Facebook later apologised and axed the ticker. Yet a formula had been established, one in which personal developments were treated as news, and correspondingly news was defined down into the realm of the personal. This was to become one of the defining features of 21st-century life. Social media evolved into a kind of window onto the world. Instagram influencers were the new headline-grabbing celebrities. The apotheosis came with the election of Donald Trump, our first social media president, who was the living embodiment of the political made personal.
Zuckerberg had helped create a brave new world, one characterised by conflation, where so much information whizzed past our heads that we couldn't hope to sift through it all. To make sense of it, we began to self-sort into our own little spheres. You might log onto Reddit, decide you were and always had been a crypto-normative K-cup-curious incel, and find an entire community ready to call others ‘c**ts’ on your behalf. As everything became a blob, it paradoxically fractured into little identity-based fiefdoms. And it happened so rapidly, there was no way to fully process the ramifications.
In the movie The Social Network, the Sean Parker character, summing up Facebook's ambition, says, ‘We lived on farms, then we lived in cities, and now we're going to live on the internet!’ What none of these guys ever asked was whether we could live on the internet, let alone whether we should. My conservative friends rightly complain that Facebook is trying to censor them. Yet the most un-conservative thing Zuckerberg ever did was to fundamentally overhaul our way of life without applying the forethought that might attend the release of a new ironing board.
So now the unintended consequences have become too big to ignore. Two whistleblowers have emerged with details of just how harmful Facebook understands its own products to be. The Capitol riot has heightened government scrutiny of social media. All this has Zuckerberg scrambling to place band-aids on a maelstrom. Hence the name change; hence all the internal ‘anti-misinformation’ tweaks. Hence also why Zuckerberg popped up in the South a few years ago to traipse around while locals scratched their heads and blessed his heart. Observers speculated he was prepping for a presidential run, but in retrospect it looks more like damage control.

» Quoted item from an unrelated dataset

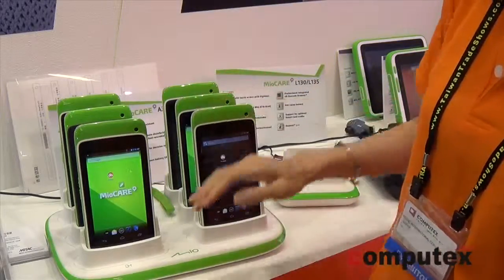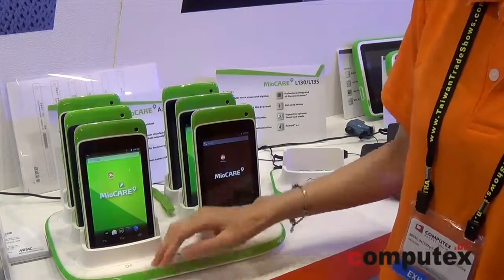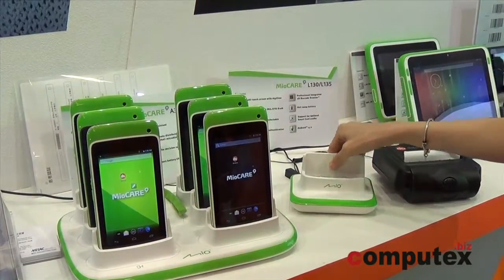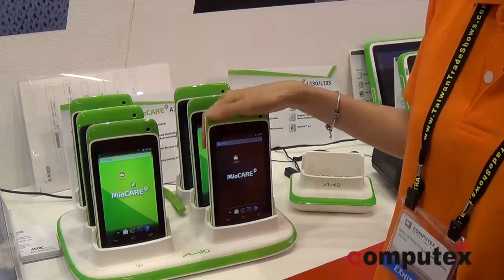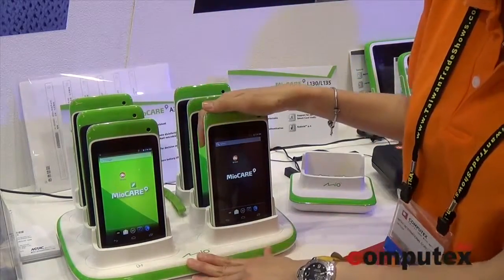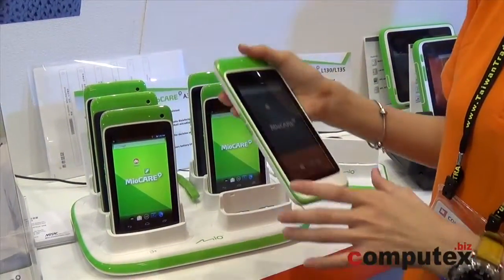We also designed the cradle for the working station — a six-unit cradle and also a one-unit cradle. So once your nurse is very busy, you just plug out and plug in for charging and also for data transmission.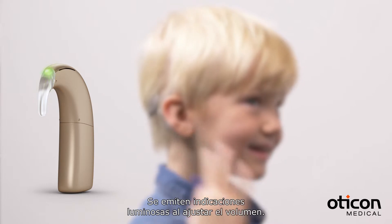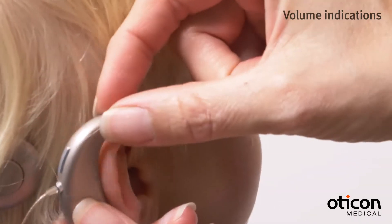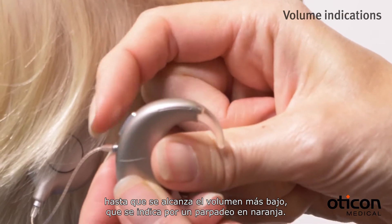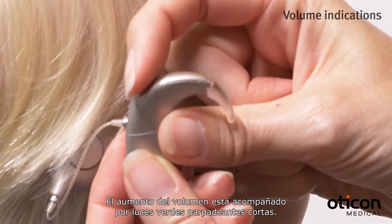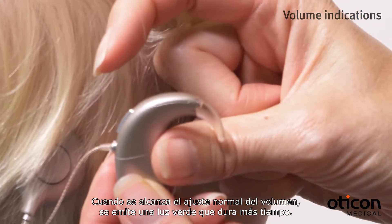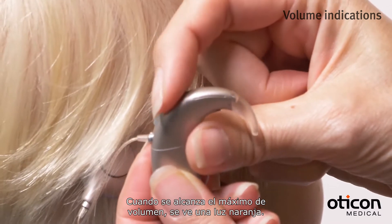Light indications are given when adjusting the volume. Reducing the volume is accompanied by short green blinks until the lowest volume has been reached, which is indicated by an orange blink. Increasing the volume is accompanied by short green blinks. When the normal volume setting has been reached, you see a longer green light. When you reach maximum volume, you see an orange light.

If Zuckleberry Finn over here is going to withstand this scrutiny, then he's going to need to do more than take a hike down a country road. Because for all the good Facebook has admittedly done, it's simply undeniable that right now a big part of the Zuckerberg legacy is to have unleashed forces he can't control. And while Instagram models don't appear to have been one of the curses released from the original Pandora's Box, an unprecedented spike in teenage female suicide risk is just one ill to have emerged from this one. These problems, as internal Facebook documents show, are fundamental, tied to core social media features like the news feed and like button, which Zuck is loathe to change.
Fortunately there is hope. It comes as usual from that one-man Götterdämmerung Donald Trump, who recently announced he was building his own social media platform, subtly called TRUTH Social (I was hoping for The Cyber). Features will no doubt include the ability to ‘schlong’ your friends and 40-minute pop-up videos of Trump ranting about deputy comptrollers from Georgia that can't be skipped. Yet perhaps Trump can also lure some of those conservative Boomers away from Facebook. Perhaps with his restored platform he can even spend some time putting pressure on his new rival before we're all hurled kicking and screaming into the metaverse.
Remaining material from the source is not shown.